You be the judge…
“Was just at the register at my local liquor store and realized I’d left my wallet at home (because I’m stoned) and said I would have to come back. The woman said “It’s fine. You come in here every day. I know you’re good for it.” So that’s where I’m at in life right now. I’m on credit at a liquor store. I guess I’ll SEE YOU IN HELL AMIGO!”
Glad we have him to help us learn important shit like this:
“I’m gonna tell you something that a lot of people are afraid to admit. Something the government wants kept quiet.
The secret ingredient in Jameson Irish Whiskey is cocaine.
If it’s not, then why did I destroy my entire apartment complex last night? Answer me that, college boy.”
Nothing mentioned about it on the bottle, but his evidence stacks up...
or so he says…
“Got into it with my boss today when he asked me to “please stop making mixed drinks in common areas when we have clients in the office.” I told him he might as well ask me to stop breathing, and he acted like that wasn’t a proper response. He wanted me to make a “promise” that I wouldn’t do it again or something. Then he got mad at me because I kept saying “I promise” while making air quotes and popping my eyebrows up and down. He doesn’t tell Big Lisa from Accounting to not emotionally eat in the common areas when there’s clients around, and that sure as hell would scare me off if I were them. What wouldn’t scare me is some TOTAL BADASS mixing up Rita’s on a coffee table and playing “That Smell” by Skynyrd while I was getting an office tour. Oh well. Can’t spell BOSS without B.O., that’s what I always say.”

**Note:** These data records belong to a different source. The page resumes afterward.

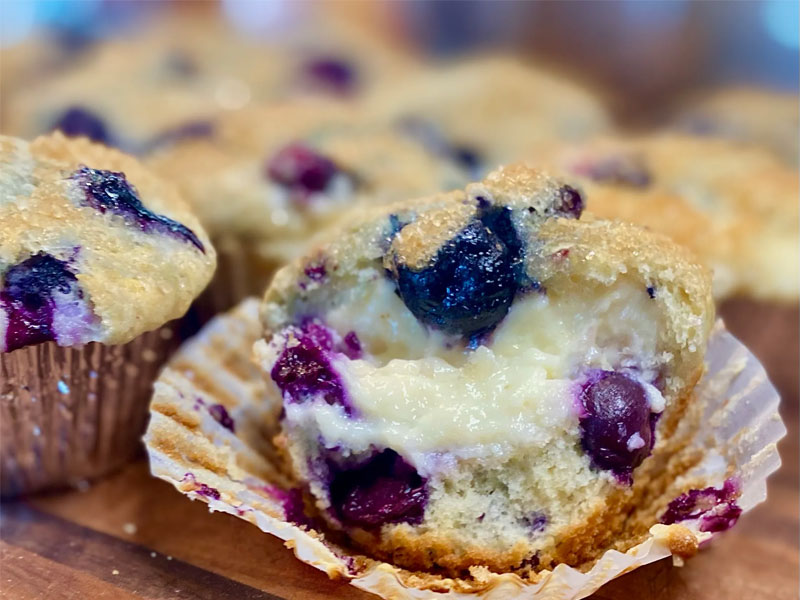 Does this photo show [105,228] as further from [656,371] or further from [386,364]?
[656,371]

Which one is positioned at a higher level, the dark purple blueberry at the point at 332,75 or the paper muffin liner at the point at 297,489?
the paper muffin liner at the point at 297,489

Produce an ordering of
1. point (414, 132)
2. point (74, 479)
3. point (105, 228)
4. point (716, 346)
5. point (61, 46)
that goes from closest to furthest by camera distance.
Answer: point (105, 228)
point (716, 346)
point (74, 479)
point (414, 132)
point (61, 46)

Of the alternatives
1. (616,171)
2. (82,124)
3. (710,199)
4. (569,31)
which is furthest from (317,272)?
(569,31)

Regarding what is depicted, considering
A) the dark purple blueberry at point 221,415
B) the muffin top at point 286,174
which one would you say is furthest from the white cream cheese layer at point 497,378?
the muffin top at point 286,174

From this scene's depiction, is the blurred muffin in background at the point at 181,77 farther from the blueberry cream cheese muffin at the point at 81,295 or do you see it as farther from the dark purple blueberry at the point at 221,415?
the dark purple blueberry at the point at 221,415

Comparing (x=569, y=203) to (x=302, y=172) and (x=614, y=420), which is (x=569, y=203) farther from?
(x=302, y=172)

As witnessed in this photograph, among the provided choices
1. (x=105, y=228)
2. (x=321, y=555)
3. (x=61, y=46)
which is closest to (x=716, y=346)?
(x=321, y=555)
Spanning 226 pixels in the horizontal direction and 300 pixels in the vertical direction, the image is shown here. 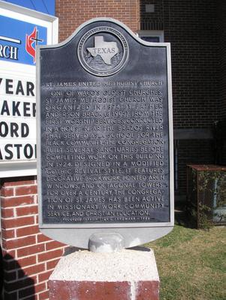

Really? Is that what you always say? I wouldn’t be surprised if he told me he was fired 6 months ago and on the verge of being homeless at this point.
This is an amazing idea:
“So last night I was watching a college football game on a Tuesday night and working on my mystery novel “The Penis Chronicles” when I had a great idea. The coach from one team decided to “ice” the kicker in overtime by calling a timeout. As usual, it didn’t work and the kicker made it after the timeout. That’s when it hit me– This weekend, if you’re at the game and it’s close and the time comes for a pressure-filled kick, I want you to RUN ONTO THE FIELD with a Smirnoff Ice in your hand, straight up to the kicker and really “ICE” that motherfucker. Try hitting a 32 yard game winning field goal with a solid buzz on, you heavy-legged fuck! Once he chugs the Smirnoff and misses the kick– Boom– you’re the hero of your school, carried off on everyone’s shoulders and straight into a Fucking Contest with SDT (Spending Daddy’s Trillions? Sucking Dick Tonight?) where you’re up first. Aaaaaaaaaand you’re welcome.”
I like it when his ideas could have no possible result but arrest and yet he still thinks they’re good.
Apparently he did not invent this idea as he thinks he did.
They’re the best aren’t they? He sent this pic and wrote the shit below…
“I should’ve worked in Marketing. Problem solved, Mount Gay!”
Two major points of note: He made the island into a dick, and the bottle is empty. But I guess that's not suprising.
Go ahead, try…
“Just went to the liquor store with my surfer friend and talked to the clerk about football, then whiskey, then women troubles. On the way out, I snapped this photo. Who just had 10 more American minutes than that? That shit was BALLS-OUT-AMERICAN!!!!!!! Go ahead, try and beat it!”
Here’s the photo:
Are strawberries and cheese like a common thing? Never heard of it.